(To do): A faithful copy is needed of the lines below from the one with "Стартерна батарея (акумулятор) SOLGY 406004" up to and including the one with "Cuadro Draco Azul."; set it down with no pictures and no other lines.

───── Task data ─────

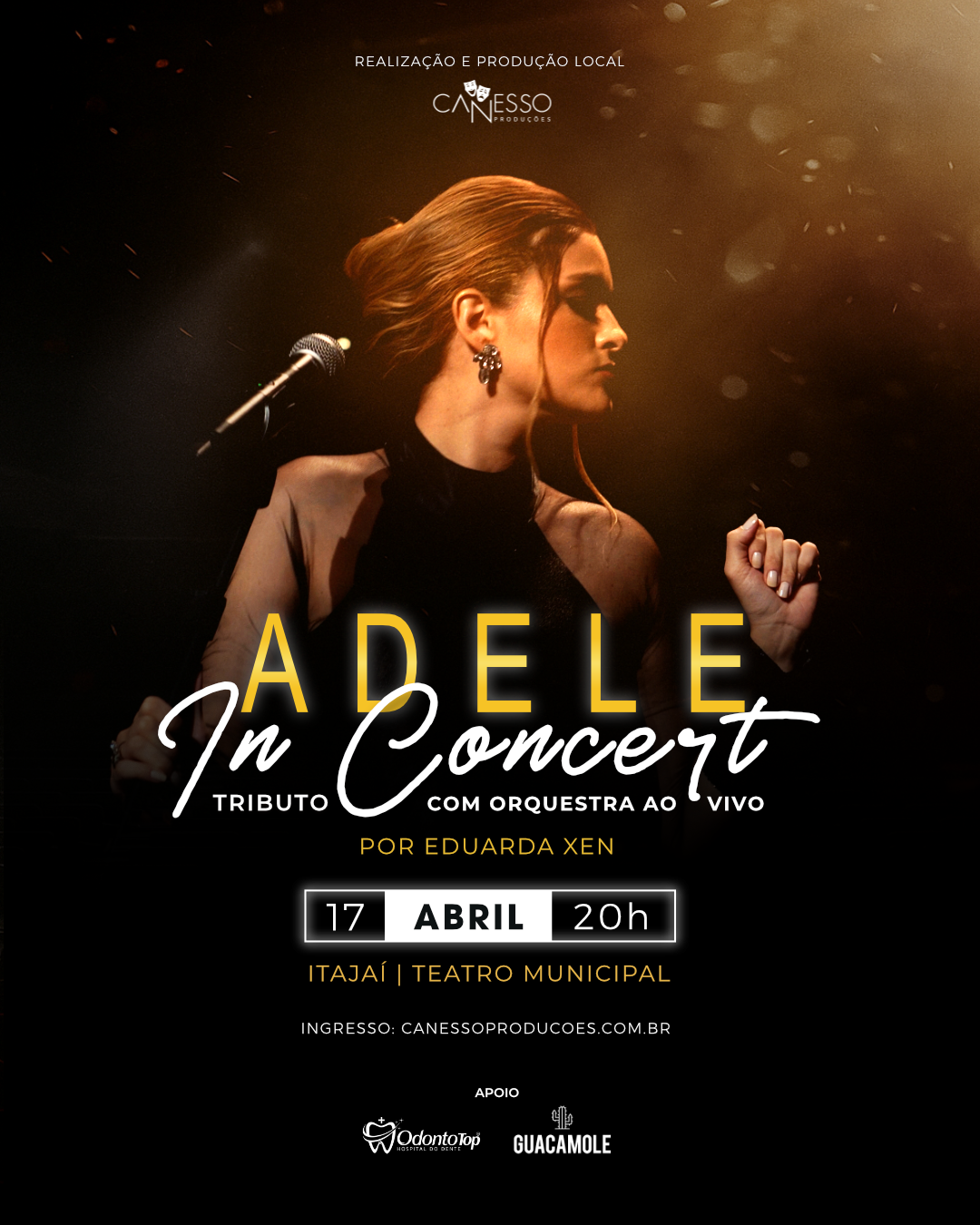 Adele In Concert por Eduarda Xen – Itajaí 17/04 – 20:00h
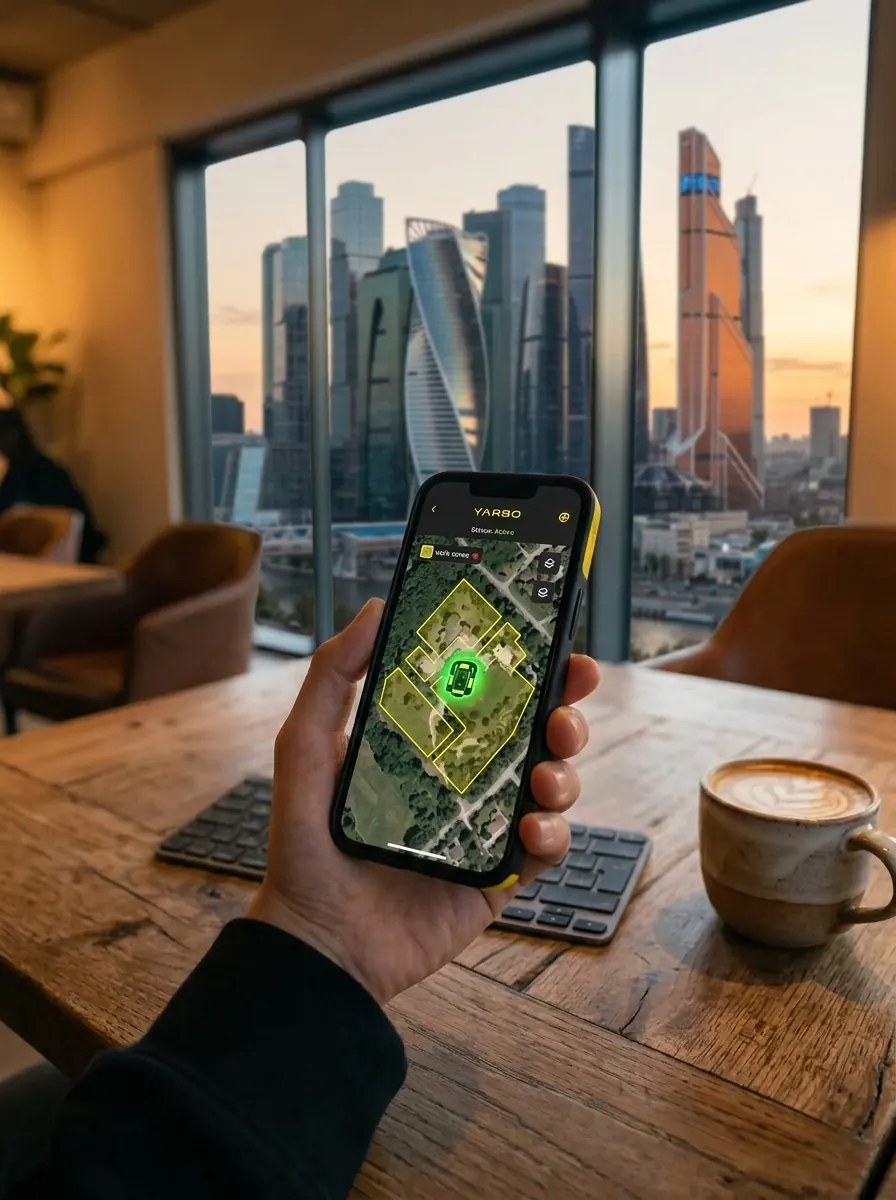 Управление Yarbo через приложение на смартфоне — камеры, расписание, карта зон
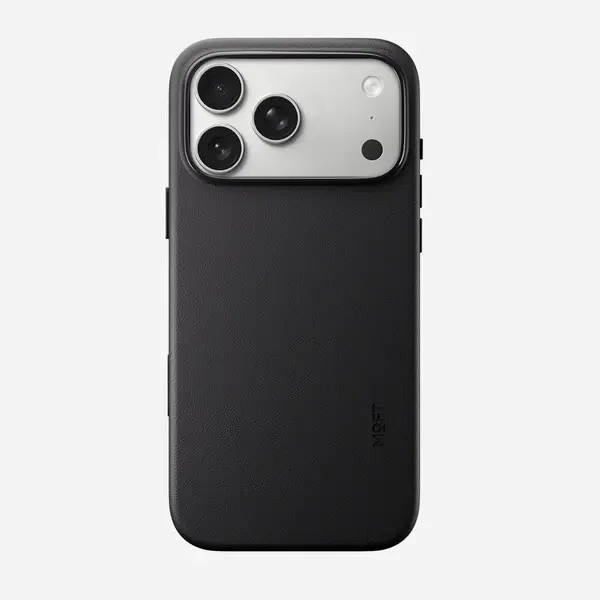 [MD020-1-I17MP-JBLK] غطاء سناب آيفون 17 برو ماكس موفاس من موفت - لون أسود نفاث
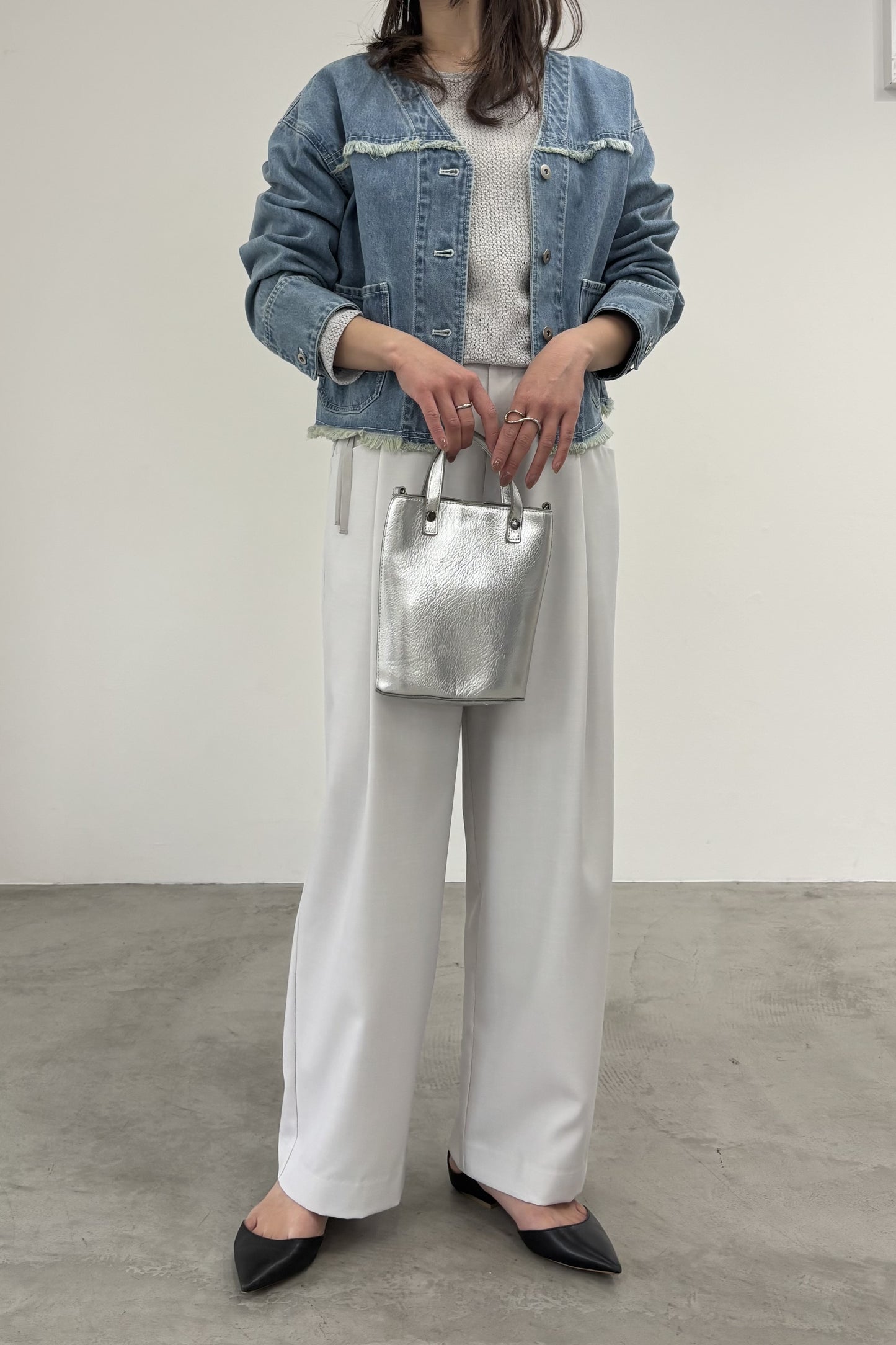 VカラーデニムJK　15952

─────
───── Task data ─────

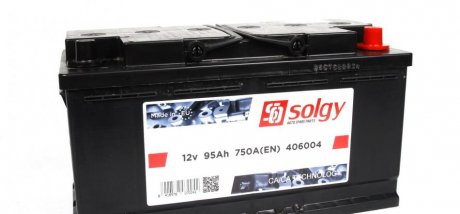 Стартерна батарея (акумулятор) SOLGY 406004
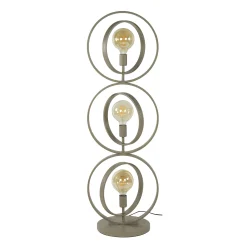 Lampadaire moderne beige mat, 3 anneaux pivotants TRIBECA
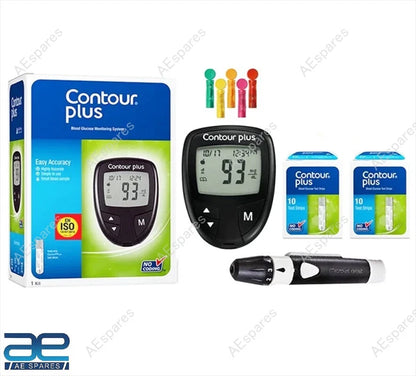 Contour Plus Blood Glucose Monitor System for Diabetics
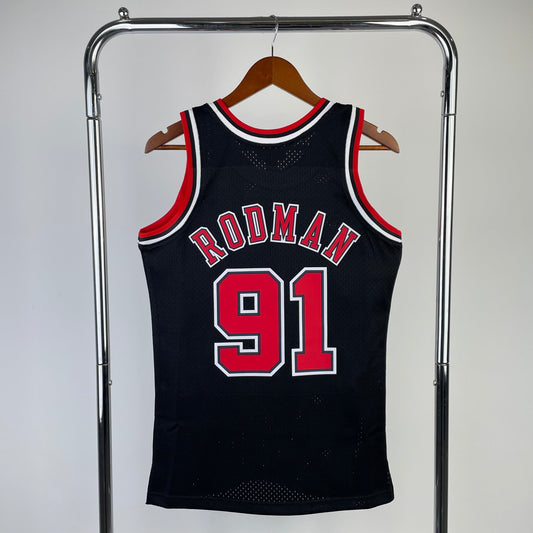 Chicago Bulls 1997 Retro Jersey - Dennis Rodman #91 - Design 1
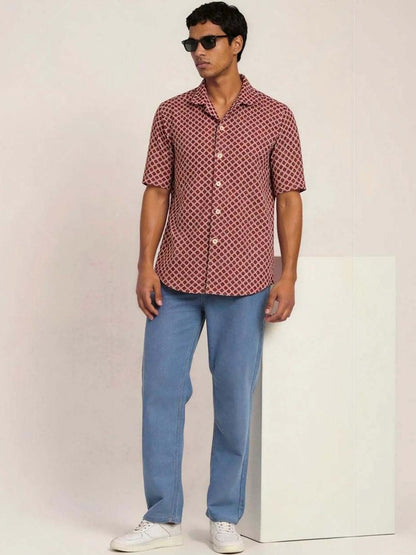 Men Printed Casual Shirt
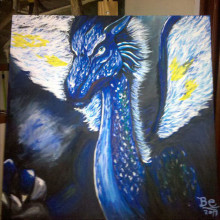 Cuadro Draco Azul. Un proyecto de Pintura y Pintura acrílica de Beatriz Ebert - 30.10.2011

─────
───── Task data ─────

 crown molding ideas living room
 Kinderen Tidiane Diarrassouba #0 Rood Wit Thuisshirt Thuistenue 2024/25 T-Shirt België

─────

(Task output):
 Стартерна батарея (акумулятор) SOLGY 406004
 Lampadaire moderne beige mat, 3 anneaux pivotants TRIBECA
 Contour Plus Blood Glucose Monitor System for Diabetics
 Chicago Bulls 1997 Retro Jersey - Dennis Rodman #91 - Design 1
 Men Printed Casual Shirt
 Cuadro Draco Azul. Un proyecto de Pintura y Pintura acrílica de Beatriz Ebert - 30.10.2011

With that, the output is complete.